SUPPLIED INFORMATION
####################

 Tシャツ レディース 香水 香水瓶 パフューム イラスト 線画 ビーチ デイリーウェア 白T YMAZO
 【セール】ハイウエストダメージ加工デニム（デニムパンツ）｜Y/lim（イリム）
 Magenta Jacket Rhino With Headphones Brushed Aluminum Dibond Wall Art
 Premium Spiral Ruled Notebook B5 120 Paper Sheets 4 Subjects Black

####################

Repeat all of the data exactly. Include every line.

 Tシャツ レディース 香水 香水瓶 パフューム イラスト 線画 ビーチ デイリーウェア 白T YMAZO
 【セール】ハイウエストダメージ加工デニム（デニムパンツ）｜Y/lim（イリム）
 Magenta Jacket Rhino With Headphones Brushed Aluminum Dibond Wall Art
 Premium Spiral Ruled Notebook B5 120 Paper Sheets 4 Subjects Black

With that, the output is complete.